レビュー

「AQUOS sense9」レビュー 全部がとにかく「ちょうどいい」スマートフォン

 高性能化に加え、円安などの影響もあり、スマートフォンはハイエンドだと20万円超え、30万円に迫る製品も珍しくなくなってきている。もちろんハイエンドモデルには、カメラや処理性能など、モデルによってさまざまな魅力がある一方で、分割払いの設定をしても、家計の負担になる点は、無視できない。

 一方、ハイエンドスマートフォンの性能が上がっているのと同時に、相対的にミッドレンジ、エントリークラスのスマートフォンの性能も上がっている点も無視できない。「とにかく綺麗な写真を撮影したい」「サクサクとヘビーなゲームをこなしたい」といったニーズでない限り、ハイエンドモデルを手にしなくても、満足いく場合も多いだろう。

 本記事では、そんな大衆のニーズを満たすスマートフォンとして、シャープのAQUOS sense9のレビューをお届けしていく。

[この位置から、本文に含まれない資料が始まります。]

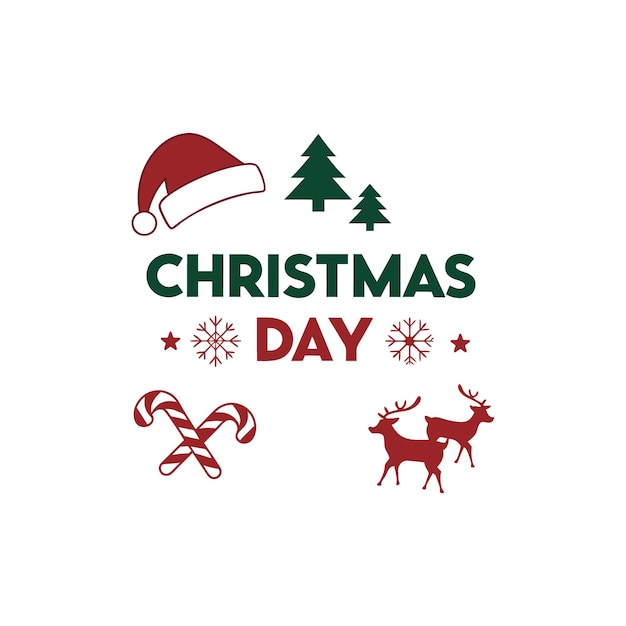 Tipografía de Feliz Navidad con elementos rojos y verdes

AQUOS sense9は、「ちょっとアガる どまんなかスマホ」というコンセプトを持ち、4キャリア、オープン市場向けモデルがそれぞれ6万円台で販売される。ハイエンドスマートフォンと比べるものではないが、優秀なディスプレイ性能やカメラ性能を備え、AQUOS senseシリーズらしい使いやすさを突き詰めた製品に仕上がっているため、価格と性能のバランスに優れた端末を探しているという人は、ぜひ注目してもらいたい。

10月に開催されたメディア向け説明会の様子

ハイエンドモデル顔負けのディスプレイ性能

 AQUOSシリーズの魅力の1つにディスプレイ性能がある。独自のIGZO OLEDの発色の良さ、滑らかさが病みつきになり、AQUOSシリーズを愛用してきたという人もいるのではないだろうか。

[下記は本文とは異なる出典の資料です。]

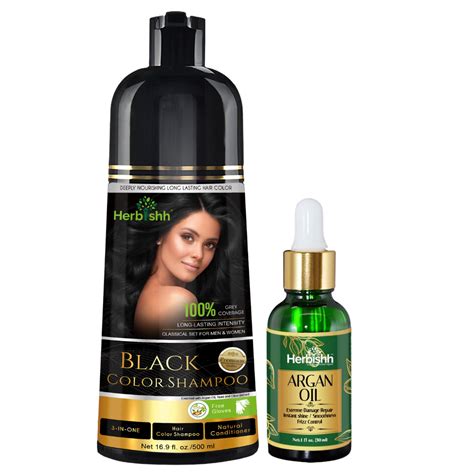 Hair Color Shampoo 500ml & Organic Argan Oil Serum – Herbishh.in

 AQUOS sense9は、スタンダードモデルながら、Pro IGZO OLEDディスプレイを搭載。AQUOS senseシリーズとしては初の採用となっている。発色に優れているのはもちろん、画質設定に、アプリによって適した画質に切り替わる「おススメ」という項目が用意されているのも特徴。画質表現に一貫性を持たせたい場合は、標準やダイナミック、ナチュラルといった項目を任意に選択すればいい。

 何より魅力的なのが、最大120Hz、擬似的に最大240Hzの再現ができる点だ。スクロールの“ぬるぬる感”がたまらなく気持ちいい。WebやSNSのスクロール、ゲームプレイ時など、リフレッシュレートの高さが活きるシーンは多岐にわたるため、Pro IGZO OLEDの搭載は、かなり有意義なアップデートだと実感できる。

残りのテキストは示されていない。